[Stored data entries]

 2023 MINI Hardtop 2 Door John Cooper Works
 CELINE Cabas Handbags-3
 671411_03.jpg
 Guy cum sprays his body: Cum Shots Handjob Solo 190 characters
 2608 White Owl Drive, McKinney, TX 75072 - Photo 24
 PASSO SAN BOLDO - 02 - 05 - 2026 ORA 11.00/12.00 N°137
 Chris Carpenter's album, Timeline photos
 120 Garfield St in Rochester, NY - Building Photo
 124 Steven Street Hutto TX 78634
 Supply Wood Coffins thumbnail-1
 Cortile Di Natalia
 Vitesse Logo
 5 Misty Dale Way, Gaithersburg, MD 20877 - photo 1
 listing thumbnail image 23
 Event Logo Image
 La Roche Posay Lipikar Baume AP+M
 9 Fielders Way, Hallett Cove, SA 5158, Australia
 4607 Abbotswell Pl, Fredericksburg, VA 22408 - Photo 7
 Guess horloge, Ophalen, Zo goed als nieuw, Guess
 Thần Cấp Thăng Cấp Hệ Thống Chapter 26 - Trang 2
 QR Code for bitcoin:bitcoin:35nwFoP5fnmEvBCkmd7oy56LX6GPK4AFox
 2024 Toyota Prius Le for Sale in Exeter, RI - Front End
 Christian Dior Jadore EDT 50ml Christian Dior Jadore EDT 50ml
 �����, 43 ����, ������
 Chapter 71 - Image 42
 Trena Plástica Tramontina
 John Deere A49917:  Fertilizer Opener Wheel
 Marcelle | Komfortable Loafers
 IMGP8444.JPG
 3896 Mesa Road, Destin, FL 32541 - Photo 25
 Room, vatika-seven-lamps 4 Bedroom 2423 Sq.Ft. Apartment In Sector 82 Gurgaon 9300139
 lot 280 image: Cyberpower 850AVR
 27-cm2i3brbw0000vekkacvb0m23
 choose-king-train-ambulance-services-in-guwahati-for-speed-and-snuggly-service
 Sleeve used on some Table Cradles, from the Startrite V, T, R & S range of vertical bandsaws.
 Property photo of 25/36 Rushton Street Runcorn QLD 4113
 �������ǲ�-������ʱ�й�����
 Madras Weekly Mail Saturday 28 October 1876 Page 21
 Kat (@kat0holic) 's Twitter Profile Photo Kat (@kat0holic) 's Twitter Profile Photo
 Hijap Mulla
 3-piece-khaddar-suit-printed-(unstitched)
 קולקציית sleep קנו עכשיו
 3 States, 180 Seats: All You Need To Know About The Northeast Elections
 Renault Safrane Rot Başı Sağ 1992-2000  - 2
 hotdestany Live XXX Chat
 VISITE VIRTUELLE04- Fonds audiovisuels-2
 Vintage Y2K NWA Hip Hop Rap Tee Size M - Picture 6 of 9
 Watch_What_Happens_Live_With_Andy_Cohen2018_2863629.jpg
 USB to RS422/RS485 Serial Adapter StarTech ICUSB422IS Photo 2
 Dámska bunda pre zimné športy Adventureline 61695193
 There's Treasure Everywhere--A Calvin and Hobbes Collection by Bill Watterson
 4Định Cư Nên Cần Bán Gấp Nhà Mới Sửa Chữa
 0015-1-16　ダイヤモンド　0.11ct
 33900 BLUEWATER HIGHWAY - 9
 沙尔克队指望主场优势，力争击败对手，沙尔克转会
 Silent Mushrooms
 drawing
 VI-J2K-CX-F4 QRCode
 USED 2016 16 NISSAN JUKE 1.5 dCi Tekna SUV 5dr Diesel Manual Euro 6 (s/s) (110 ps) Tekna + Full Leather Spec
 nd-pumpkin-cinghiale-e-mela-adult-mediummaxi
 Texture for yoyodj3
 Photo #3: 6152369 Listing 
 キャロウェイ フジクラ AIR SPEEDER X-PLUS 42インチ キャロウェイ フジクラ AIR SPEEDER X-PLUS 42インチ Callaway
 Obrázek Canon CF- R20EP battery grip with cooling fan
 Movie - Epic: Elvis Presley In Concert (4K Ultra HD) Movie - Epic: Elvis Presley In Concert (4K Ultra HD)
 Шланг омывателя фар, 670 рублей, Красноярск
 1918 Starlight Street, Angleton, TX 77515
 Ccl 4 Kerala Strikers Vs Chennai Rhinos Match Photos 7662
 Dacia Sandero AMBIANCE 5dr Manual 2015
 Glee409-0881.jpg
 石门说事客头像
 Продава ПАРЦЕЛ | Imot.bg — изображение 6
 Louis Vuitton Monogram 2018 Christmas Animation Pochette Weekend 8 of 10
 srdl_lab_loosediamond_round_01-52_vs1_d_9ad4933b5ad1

**PROBLEM TO WORK ON:** Would you output, unchanged, each line from the start of the records to the line that holds "Property photo of", both included and nothing else?

**REPLY TO THE EXERCISE:**
 2023 MINI Hardtop 2 Door John Cooper Works
 CELINE Cabas Handbags-3
 671411_03.jpg
 Guy cum sprays his body: Cum Shots Handjob Solo 190 characters
 2608 White Owl Drive, McKinney, TX 75072 - Photo 24
 PASSO SAN BOLDO - 02 - 05 - 2026 ORA 11.00/12.00 N°137
 Chris Carpenter's album, Timeline photos
 120 Garfield St in Rochester, NY - Building Photo
 124 Steven Street Hutto TX 78634
 Supply Wood Coffins thumbnail-1
 Cortile Di Natalia
 Vitesse Logo
 5 Misty Dale Way, Gaithersburg, MD 20877 - photo 1
 listing thumbnail image 23
 Event Logo Image
 La Roche Posay Lipikar Baume AP+M
 9 Fielders Way, Hallett Cove, SA 5158, Australia
 4607 Abbotswell Pl, Fredericksburg, VA 22408 - Photo 7
 Guess horloge, Ophalen, Zo goed als nieuw, Guess
 Thần Cấp Thăng Cấp Hệ Thống Chapter 26 - Trang 2
 QR Code for bitcoin:bitcoin:35nwFoP5fnmEvBCkmd7oy56LX6GPK4AFox
 2024 Toyota Prius Le for Sale in Exeter, RI - Front End
 Christian Dior Jadore EDT 50ml Christian Dior Jadore EDT 50ml
 �����, 43 ����, ������
 Chapter 71 - Image 42
 Trena Plástica Tramontina
 John Deere A49917:  Fertilizer Opener Wheel
 Marcelle | Komfortable Loafers
 IMGP8444.JPG
 3896 Mesa Road, Destin, FL 32541 - Photo 25
 Room, vatika-seven-lamps 4 Bedroom 2423 Sq.Ft. Apartment In Sector 82 Gurgaon 9300139
 lot 280 image: Cyberpower 850AVR
 27-cm2i3brbw0000vekkacvb0m23
 choose-king-train-ambulance-services-in-guwahati-for-speed-and-snuggly-service
 Sleeve used on some Table Cradles, from the Startrite V, T, R & S range of vertical bandsaws.
 Property photo of 25/36 Rushton Street Runcorn QLD 4113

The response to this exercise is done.